Data-driven organizations are today more of a norm than an exception. Huge volumes of data collected from external and internal sources are collected, processed and analyzed to make accurate business decisions and gain an advantage over competitors. This divergence from traditional manual processes has helped organizations take a quantum leap to optimize and increase operational efficiency.
So what does this all boil down to? Therefore, the call of the hour for organizations is to look for new methods and procedures so that the ultimate goal of processing massive volumes of data can be carried out without the performance of databases decreasing. One of the ways to do this is to move databases to the cloud and take advantage of all the benefits of this comparatively new platform. One way to do this is to move existing databases from SQL Server to Snowflake.
This post will be divided into three parts. The first will be a general overview of SQL Server and Snowflake to understand their features, the second will be the benefits of moving databases from SQL Server to Snowflake and finally how it is done.
Let’s get started.
Microsoft SQL Server and snowflake
SQL Server
Microsoft SQL Server has been among the world’s leading database technologies alongside Oracle and IBM’s DB2. It is completely merged with the complete Microsoft environment and is based on the SQL programming language. All applications support SQL Server on the web, regardless of whether it is a local area network or a standalone system.
Being a relational database management system (RDMS), SQL Server allows users to perform a wide range of complex queries on this system. Additionally, Microsoft offers SQL Server out of the box as part of the MS.NET framework.
Snowflake
Snowflake is a data storage platform that operates in the cloud. It offers users all the advanced technological features normally associated with the cloud. Snowflake and the cloud have been recent innovations, but in a short time they have captured the imagination of users around the world. The reasons are detailed in the following section, demonstrating why businesses today prefer to migrate databases from SQL Server to Snowflake.
Benefits of moving databases from SQL Server to Snowflake
Now we come to the second category and identify the reasons why it makes sense to move databases from traditional on-premises SQL Server to Snowflake.
- Snowflake offers unlimited storage space and users only have to pay for the amount of resources used. In the event of a sudden increase in storage demand, additional resources can be downloaded as needed in minutes paying only for that space. In SQL Server, flat rates apply for specific volumes of storage space, whether it is used or not.
- Snowflake offers high computing power and there is no drop in performance even when multiple users simultaneously run complex queries on the platform.
- Separate computing and storage facilities are available in Snowflake, unlike general databases where it is not possible to differentiate the two. The advantage here is that companies can accurately know the costs individually incurred for storage and computing.
- Data in its native form (structured, semi-structured, or unstructured) can be loaded directly into Snowflake without the need to go through elaborate formatting processes. The same cannot be said for SQL Server. Snowflake offers built-in support for JSON, Avro, XML, and Parquet data.
- There is no need to define indexes before clustering data as Snowflake is a cloud-based platform and is applicable to both column encodings and computing. However, for very large tables, it is necessary to manually use grouping keys to locate the table data.

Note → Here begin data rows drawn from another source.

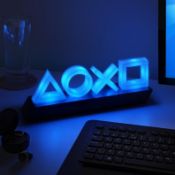 (62/10A) Lot RRP £60. 3x Paladone Playstation Icons Light RRP £20 Each. (All Units Appear New, Wi...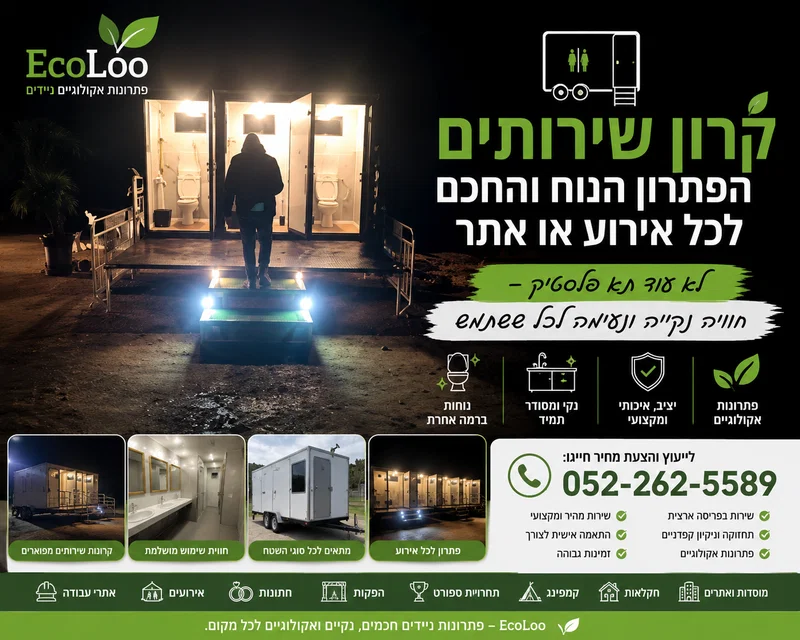 קרון שירותים – הפתרון הנוח והחכם לכל אירוע או אתר
לא עוד תא פלסטיק – חוויה נקייה ונעימה לכל משתמש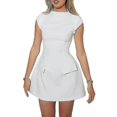 thumbnail image 1 of Women Elegant Slim Solid Pockets Mini Dress O-neck Short Sleeve A-line Chic Robe-DF, 1 of 5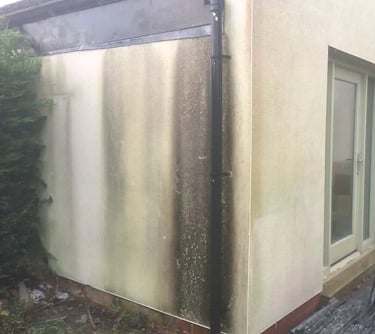 Water stains on wall indicate a gutter problem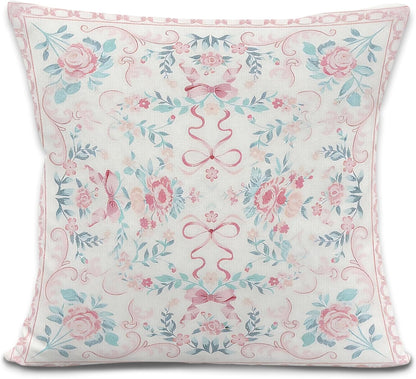 Pink Coquette Bow Floral Throw Pillow Cover, Grandmillennial Retro Flower Botanical Decorative Pillowcases Cushion Cases for Home Girly Room Bedroom Decor, 18x18 Pillow Covers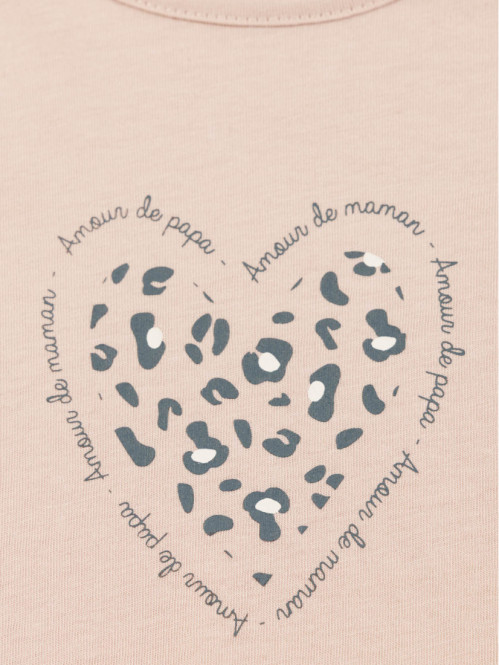 T-shirt coeur léopard fille...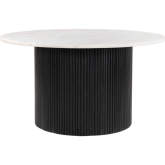 Izola Coffee Table in White Marble & Black Wood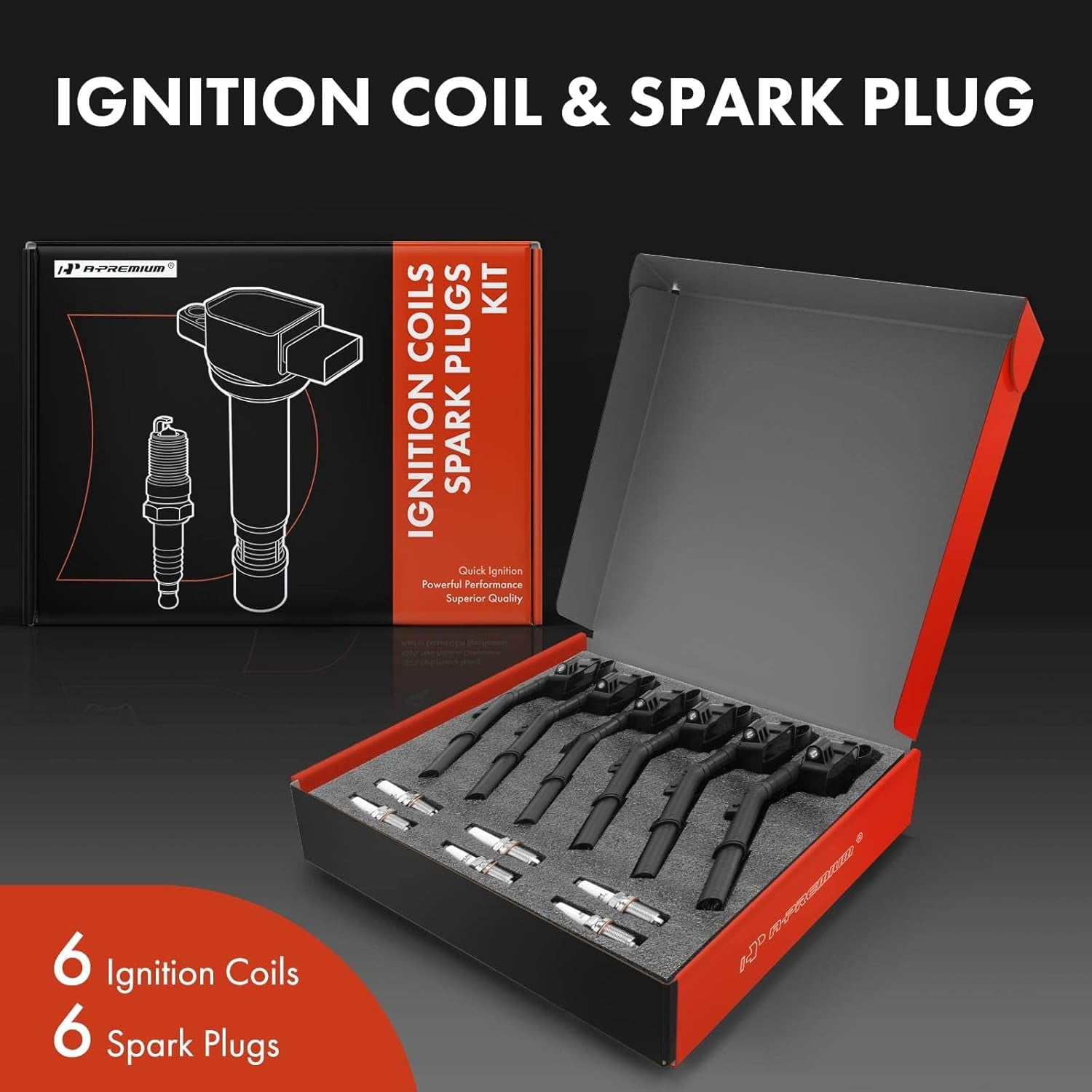 A-Premium Set of 6 Ignition Coil Pack and Iridium Spark Plugs Compatible with Mercedes-Benz W212 Series E300 2015-2016, W212/S212 Series E350 2014-2016, W212 Series E400 2014, 3.5L, Replace# NGK95875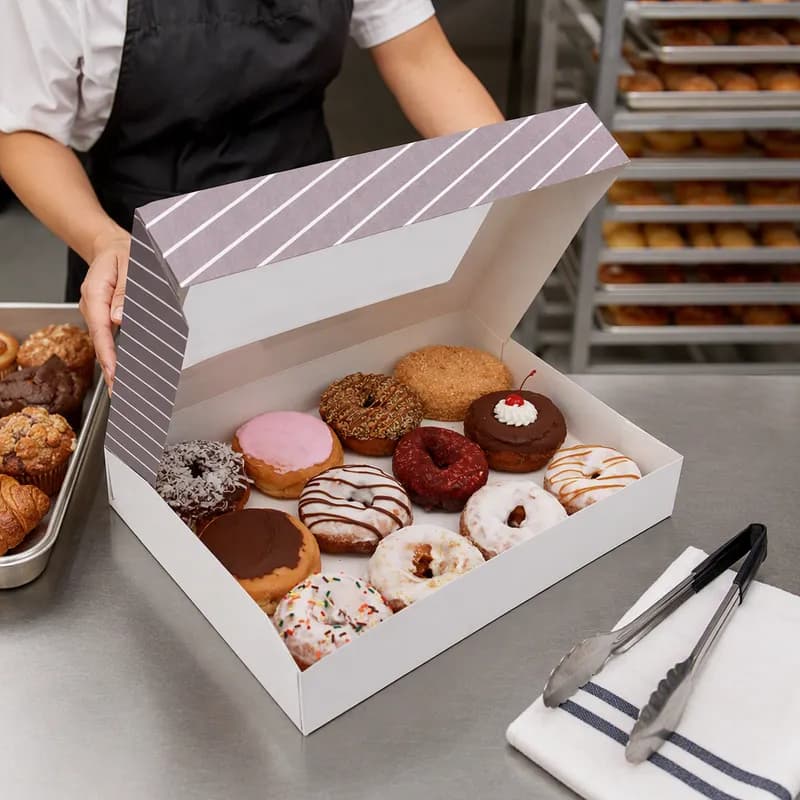 Flat Donut Box 12 CT 19X14X4 IN Paperboard 100/Case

- Snowflake scales well with a wide range of cloud providers and therefore users do not have to deal with new techniques or technologies when working on databases that have been migrated here.
All of these benefits of working in the cloud are available to companies that migrate their databases from on-premises SQL Server to Snowflake.
Steps to move databases from SQL Server to Snowflake
This process to migrate databases from SQL Server to Snowflake It has four stages.
- Data is extracted from SQL Server using select statements and extract queries that help sort, filter, and limit the data during the mining process. For extracting large databases into text, CSV, or SQL query formats, the Microsoft SQL Server Administration Tool can be used.
- This extracted data is now processed and formatted into a Snowflake-compatible data structure. This process can be skipped for XML or JSON data.
- This processed data cannot yet be dumped directly into Snowflake. Instead, it should be placed in a temporary location which can be internal or external.
Users create an internal staging area directly with SQL statements and assign it a name and timestamp. An external staging area is a default and Snowflake currently supports Amazon Simple Storage Service (S3) and MS Azure.
- The last step in migrating data from SQL Server to Snowflake is to move the data from the staging area directly to Snowflake. For large databases where the data is massive, the Snowflake Data Load Overview tool is used. Run the PUT command to prepare the files first, and then use the COPY INTO command to load the data from the staging area into Snowflake. Snowflake’s Data Load Wizard can be used for small databases.
The entire migration process is fully automated and human No intervention is required at any time.